**Task objective:**
Should a picture appear anywhere in the data, omit it and copy everything else exactly.

**Given material:**
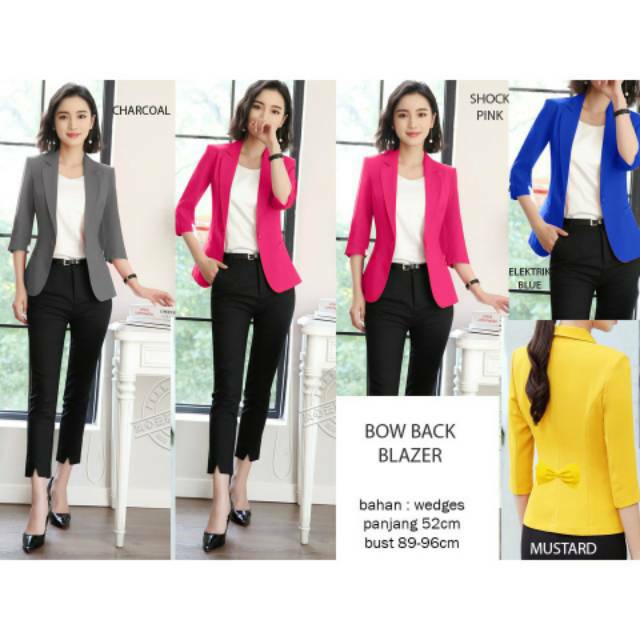 Bow back blazer pita putih hitam 7per8 warna  blazer kerja wanita blazer kantor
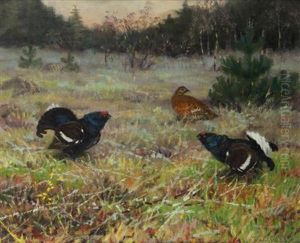 Grouse At Their Matting Site by Ludvik Herzl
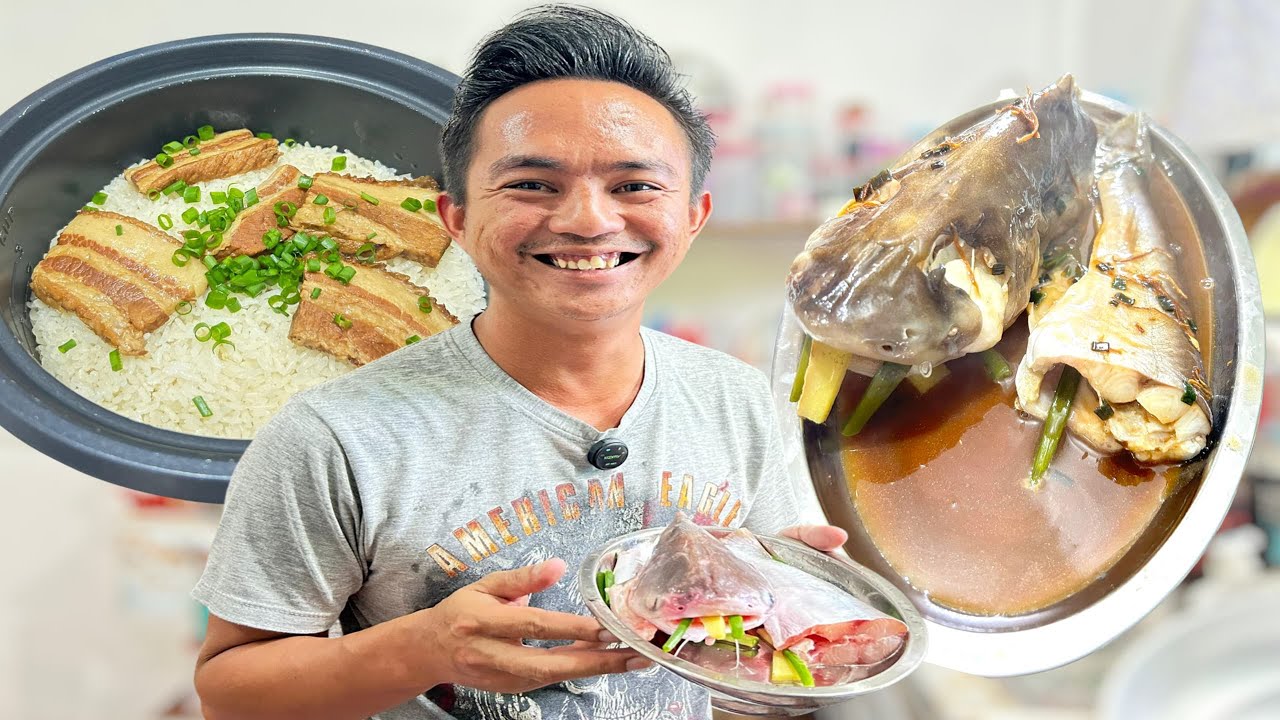 Menu Terbaik//Stewed Pork Rice Cooker + Ikan Labang Steam//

**Task output:**
 Bow back blazer pita putih hitam 7per8 warna  blazer kerja wanita blazer kantor
 Grouse At Their Matting Site by Ludvik Herzl
 Menu Terbaik//Stewed Pork Rice Cooker + Ikan Labang Steam//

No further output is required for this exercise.